Do I believe it? Yes. Why? Because Ruth has cultivated the Guru mantle, had her favorites, and I know of other women who’ve been asked to do this with her and agreed out of respect for their revered teacher. Or maybe they didn’t know how to say no. Or maybe as Holly said, because this gave them access to the inner circle where the demi-gods and goddesses of Jiva resided.
My heart goes out to Holly—and yet, and yet—how did she feel in her own soul about what she was doing? The ego is a powerful thing—that choose me, choose me voice that wants to be selected as the favored one, the one that gets the most attention. It speaks volumes louder than the whisper of the soul.

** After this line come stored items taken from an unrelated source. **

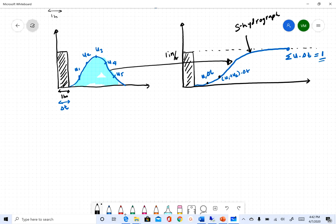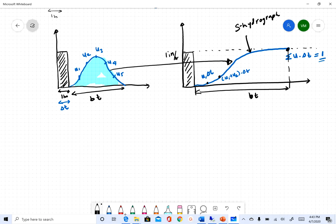After the base time, the S-hydrograph reaches a value of 1. So this is how you convert your unit hydrograph into an S-hydrograph. The S-hydrograph physically is a plot of the cumulative volume of all the unit hydrograph ordinates. It comes from linear systems theory, and I'll explain how we can use this concept to convert a unit hydrograph from one duration to another.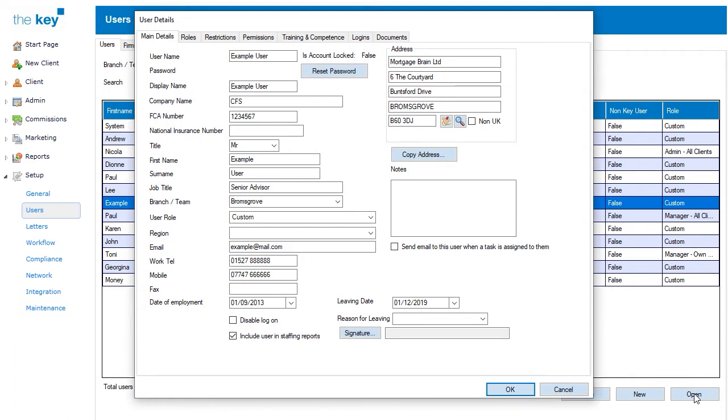The main Details tab lists their current information, their name and contact details, as well as allowing you to reset their password if required. You can also assign the user to a branch or team, and assign them a custom user role, or a predefined user role may be required.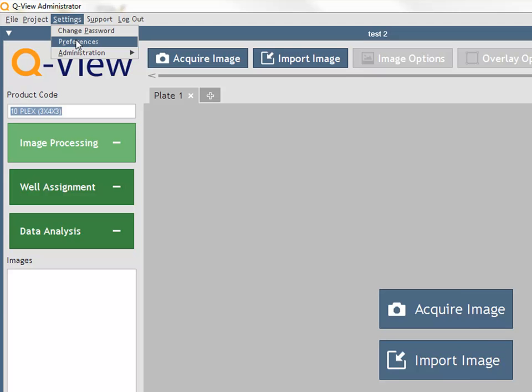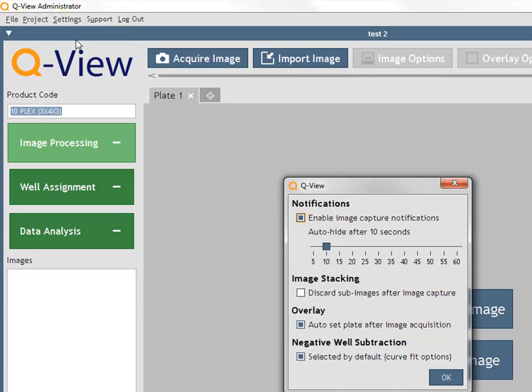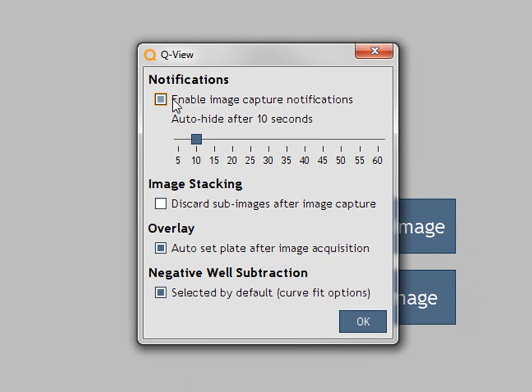Set preferences for notifications, image stacking, auto set plate overlay, and the default setting for negative well subtraction.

The story reminds me that one of the important lesson of yoga is: Listen to your body, it never lies. Often teachers—particularly the bad ones—want to be worshipped, want to have power over you, and suggest you try out things that you wonder about. (We've all been in this situation.) These are the red flags, Jon Kabat-Zinn says. He also said, you will continue to notice these red flags if you listen carefully to that inner voice.
Holly and others have gotten in trouble because they didn’t listen. Remember, kill the Buddha in the road even if he is on a lovely Manhattan street and upstairs he’s got an apartment filled with shiny religious objects, gods and goddesses, and a quick path to nirvana. It’s a hard lesson, but necessary.